» **Exercise**
Only the lines from the one with "BankrCoin Telegram Bot Release" to the end of the records are wanted, each repeated exactly, both ends included.

-------

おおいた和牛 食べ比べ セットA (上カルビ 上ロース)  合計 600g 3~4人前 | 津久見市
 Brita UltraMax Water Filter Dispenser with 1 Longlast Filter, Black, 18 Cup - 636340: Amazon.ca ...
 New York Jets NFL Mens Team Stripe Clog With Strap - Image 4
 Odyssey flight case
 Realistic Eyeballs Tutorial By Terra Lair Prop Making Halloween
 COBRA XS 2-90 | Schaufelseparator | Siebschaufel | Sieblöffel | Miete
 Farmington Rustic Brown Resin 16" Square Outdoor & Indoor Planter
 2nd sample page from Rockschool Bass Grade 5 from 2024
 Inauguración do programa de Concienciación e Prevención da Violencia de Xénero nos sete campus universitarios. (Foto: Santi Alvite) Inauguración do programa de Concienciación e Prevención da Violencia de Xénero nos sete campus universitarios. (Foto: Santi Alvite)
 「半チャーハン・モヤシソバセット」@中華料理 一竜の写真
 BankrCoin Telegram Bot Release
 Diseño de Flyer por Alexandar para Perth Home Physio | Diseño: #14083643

-------

» **Response area**
 BankrCoin Telegram Bot Release
 Diseño de Flyer por Alexandar para Perth Home Physio | Diseño: #14083643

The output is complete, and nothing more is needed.